Roberts-Stabenow bill represents “good start,” but additional Native food sovereignty measures are still sought by Indian Country

The Native Farm Bill Coalition, a collaboration of more than 160 Native American tribes and allied groups, today stated its appreciation for the inclusion of provisions relating to Indian Country in the newly released, bipartisan Senate version of the draft Farm Bill. Coalition members also expressed their continuing resolve to persuade the Senate to add key Indian Country provisions still missing from the draft Farm Bill before it is marked up in the Senate Agriculture Committee on Wednesday, June 13.

“We thank Senators Roberts (R-Kansas) and Stabenow (D-Michigan) for listening to Indian Country’s many advocates,” said Ross Racine, Native Farm Bill Coalition co-chair and executive director of the Intertribal Agriculture Council. “The draft bill marks real progress in considering the many Native American interests in the Farm Bill, and is a good start for further efforts to address the profound problems and needs among our peoples.”

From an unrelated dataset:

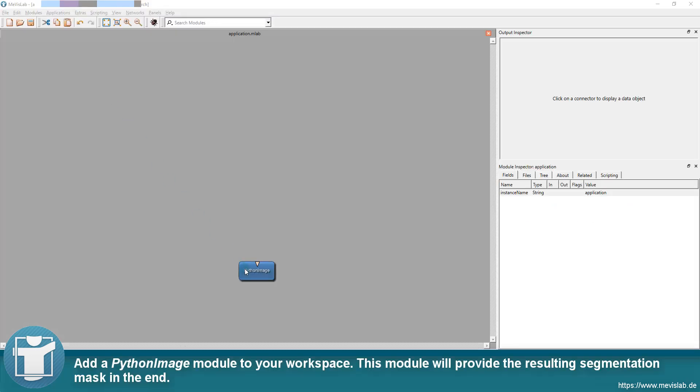Add a Python image module to your workspace. This module will provide the resulting segmentation mask in the end.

Co-sponsored by Senate Agriculture Chairman Sen. Pat Roberts (R-Kansas) and Ranking Member Sen. Debbie Stabenow (D-Michigan), the draft Senate Farm Bill released on June 8 includes a number of important measures sought by members of the Native Farm Bill Coalition:

  • Key refinancing provisions;
  • Creation of a Tribal Advisory Council to USDA;
  • Reauthorization of support for Tribal Colleges and Universities (TCU) and adding two tribal colleges previously excluded;
  • Adjusting the match requirements and funding limitations for the Food Distribution Program on Indian Reservations (FDPIR) so that economically disadvantaged tribes may reach more households in need of assistance;
  • Authorizing a new $5 million demonstration project to allow some tribes to purchase some FDPIR food under self-determination (“638”) contracts;
  • Expanding alternative funding arrangements for tribes utilizing key conservation funding programs;
  • Providing TCUs with parity in McIntire-Stennis Act funding eligibility;
  • Authorizing tribes, like other governments, to exercise Good Neighbor Authority in forestry management agreements; and
  • Making tribes eligible for beginning and socially-disadvantaged farmers program funding.

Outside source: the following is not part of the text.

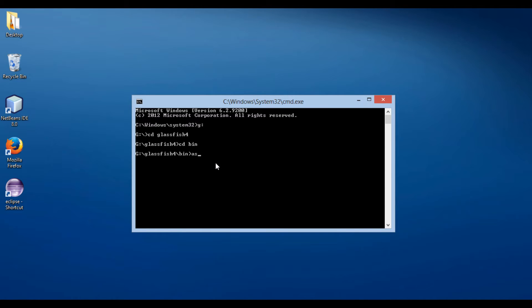The command to start GlassFish server is: asadmin start-domain Domain1.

While applauding the support for these measures shown by the leadership of the Senate Agriculture Committee, Native Farm Bill Coalition leaders remain resolute in advocating for key priorities that were left out of the discussion. More work remains to be done to shape the Senate’s draft Farm Bill in ways that will make a greater difference in Indian Country and enhance Native Americans’ own efforts to solve the challenge of food insecurity.

“Far too many corners of Indian Country are in a constant state of food crisis,” said Keith B. Anderson, Native Farm Bill Coalition co-chair and vice-chairman of the Shakopee Mdewakanton Sioux Community. “Native Americans suffer from the worst dietary health disparities among all Americans, and the greatest poverty among America’s poor,” said Anderson. “The draft Senate Farm Bill has great potential, but we need our Senate allies to champion further changes that will enhance our ability to feed ourselves in our own tribal communities in our own ways, and better target USDA support for economic development in the most remote and rural areas of Indian Country,” said Anderson.

In particular, Native Farm Bill Coalition members are working with allies in the Senate to include tribal priorities like:

  • Providing self-determination (“638”) authority authorizing tribes to self-administer all USDA-funded nutrition assistance programs and associated job assistance and training programs;
  • Applying the Substantially Underserved Trust Area (“SUTA”) authority to all programs under the USDA Office of Rural Development;
  • Creating a Tribal Technical Assistance Office within Rural Development; and
  • Establishing a 638 demonstration project authorizing tribes to manage USDA forests that pose a fire or other threat to nearby tribal forest lands.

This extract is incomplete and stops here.